Government Schools of Design were founded from 1837 onwards in order to improve the design of British goods. Following the Great Exhibition of 1851 efforts were intensified and oriental objects were purchased for the schools teaching collections. Owen Jones, architect and Orientalism, was requested to set out key principles of design and these became not only the basis of the schools teaching but also the propositions that preface The Grammar of Ornament (1856), which is still regarded as the finest systematic study or practical sourcebook of historic world ornament.

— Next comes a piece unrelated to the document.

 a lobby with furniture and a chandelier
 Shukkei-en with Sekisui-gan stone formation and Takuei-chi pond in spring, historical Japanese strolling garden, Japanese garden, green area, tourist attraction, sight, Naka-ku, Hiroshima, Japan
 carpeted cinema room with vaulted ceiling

Jones identified the need for a new and modern style that would meet the requirements of the modern world, rather than the continual re-cycling of historic styles, but saw no reason to reject the lessons of the past. Christopher Dresser, a student and later Professor at the school worked with Owen Jones on The Grammar of Ornament, as well as on the 1863 decoration of the oriental courts (Chinese, Japanese, and Indian) at the South Kensington Museum (now the Victoria and Albert Museum), advanced the search for a new style with his two publications The Art of Decorative Design 1862, and Principles of Design 1873.
Production of Aesthetic style furniture was limited to approximately the late 19th century. Aesthetic style furniture is characterized by several common themes:
Ebonized furniture means that the wood is painted or stained to a black ebony finish. The furniture is sometimes completely ebony-colored. More often however, there is gilding added to the carved surfaces of the feathers or stylized flowers that adorn the furniture.

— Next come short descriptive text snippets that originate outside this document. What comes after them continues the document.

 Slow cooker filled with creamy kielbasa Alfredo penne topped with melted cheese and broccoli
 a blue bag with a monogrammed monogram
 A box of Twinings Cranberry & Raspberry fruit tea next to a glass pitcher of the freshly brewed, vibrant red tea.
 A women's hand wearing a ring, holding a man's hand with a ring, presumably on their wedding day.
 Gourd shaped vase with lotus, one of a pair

As aesthetic movement decor was similar to the corresponding writing style in that it was about sensuality and nature, nature themes often appear on the furniture. A typical aesthetic feature is the gilded carved flower, or the stylized peacock feather. Colored paintings of birds or flowers are often seen. Non-ebonized aesthetic movement furniture may have realistic-looking three-dimensional-like renditions of birds or flowers carved into the wood.
Contrasting with the ebonized-gilt furniture is use of blue and white for porcelain and china. Similar themes of peacock feathers and nature would be used in blue and white tones on dinnerware and other crockery. The blue and white design was also popular on square porcelain tiles. It is reported that Oscar Wilde used aesthetic decorations during his youth. This aspect of the movement was also satirised by Punch magazine and in Patience.
In 1882 Oscar Wilde visited Canada, where he toured the town of Woodstock, Ontario and gave a lecture on 29 May titled "The House Beautiful".O'brien (1982), p. 114. In this lecture Wilde exposited the principles of the Aesthetic Movement in decorative and applied design, also known at the time as the "Ornamental Aesthetic" style, according to which local flora and fauna were celebrated as beautiful and textured, layered ceilings were popular. An example of this can be seen in Annandale National Historic Site, located in Tillsonburg, Canada. The house was built in 1880 and decorated by Mary Ann Tillson, who happened to attend Oscar Wilde's lecture in Woodstock. Since the Aesthetic Movement was only prevalent in the decorative arts from about 1880 until about 1890, there are not many surviving examples of this particular style but one such example is 18 Stafford Terrace, London, England, which provides an insight into how the middle classes interpreted its principles. Olana, the home of Frederic Edwin Church in upstate New York, is an important example of exoticism in the Aesthetic Movement decorative arts.